003 The signifiers of Gothic are many, and some have become clichés, a short hand for fear: a desolate or deserted place, an innocent heroine, a tyrant or a monster, a hero; candles and cobwebs, cellars and hidden passages, lives in peril, surrender, succumbing, evil to be overcome. Think of the pale, frail things of Gothic literature – lives spent in shadow and solitude, in big gloomy houses and partially ruined castles; hard, doomed lives, with love or death as their only solace and, sometimes, a love beyond death.

004 There is not always a supernatural element, but there is always a sense of the unnatural: you don’t need a ghost to be haunted; you don’t need a vampire to get your neck bitten.

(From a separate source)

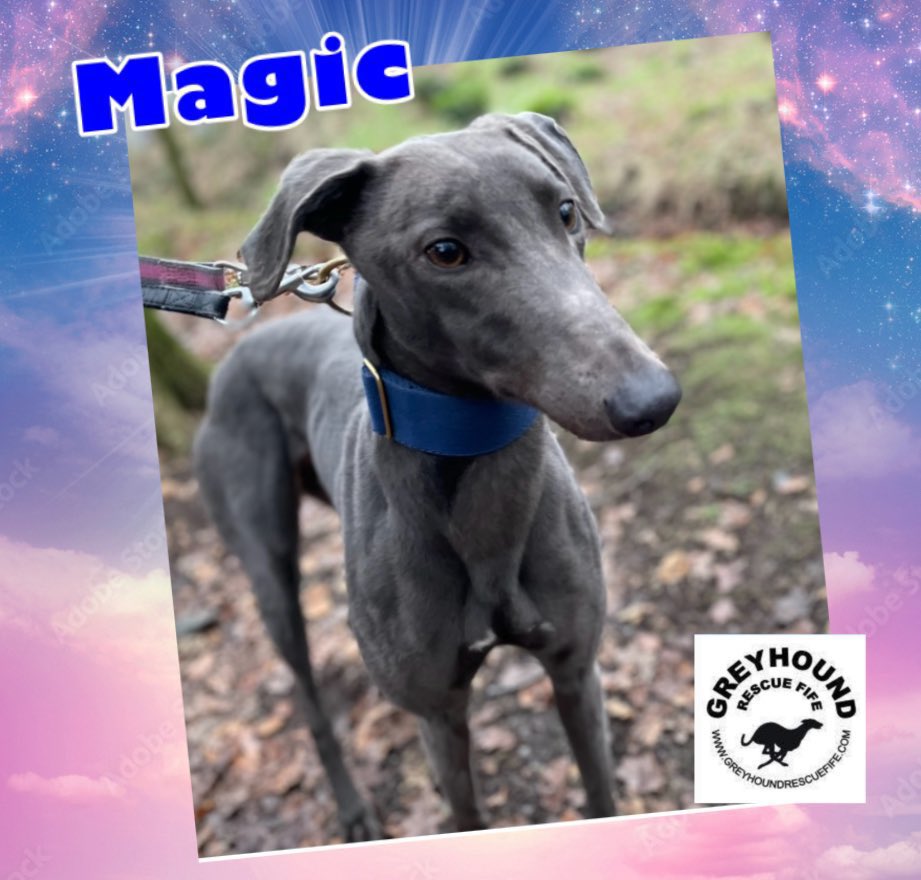 GreyhoundRFife's tweet photo. Let Magic brighten #BlueMonday. This wee beauty is full of life, spirited & sweet. Lives for fun & to play. Just 2, so she is still learning & Matt has been helping her, they walk well together. She does get excitable, he just keeps her calm. #AdoptDontShop #K9hour #Bluehound ❤️ https://t.co/Ww5jFPSTmK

005 I always meant to write something about the 1,225 episodes of extraordinary US goth soap ‘Dark Shadows’, but then Jonny Depp and Tim Burton came along and ruined it all. Those two need shooting. Or at least stunning. Perhaps they’ll then make a film that has a spark of something in it that isn’t all flip, facile, ironic hipster bullshit.

006 Gothic is easy to parody, indeed, it parodies itself. It has a sense of humour, it needs one, in case it becomes overwhelmingly grim. Gothic is popular, so it renews itself from generation to generation – it’s always the new black. It fulfils the primal instinct to reach out into the darkness, never knowing quite what your fingertips will touch first.

007 The Gothic Season starts at The Showroom Cinema, Sheffield, in November. ‘Hammer Bites’ starts on the 1st of December with a screening of ‘The Curse Of Frankenstein’. ‘Dracula’ and ‘The Mummy’ follow on the 8th and 15th. I will be presenting the films, with Gothic expert Andrew Smith on hand to stop me banging on about my ex-girlfriends. On the 15th of December, there will be records played in the bar, and I will be debuting my soon to become world famous horror themed disco set. Beware, I have a record called ‘Sexy Dracula’ to play.

Friday, 25 January 2013

The Pit Of Panic



Ah, Robert Hartford-Davis: a terrible film director who made some of my favourite films.'The Black Torment' is a Hammer-esque tale with an olden day setting and lashings of the olde Gothic, just don't watch it if you're even slightly tired as you will fall asleep, it's as simple as that.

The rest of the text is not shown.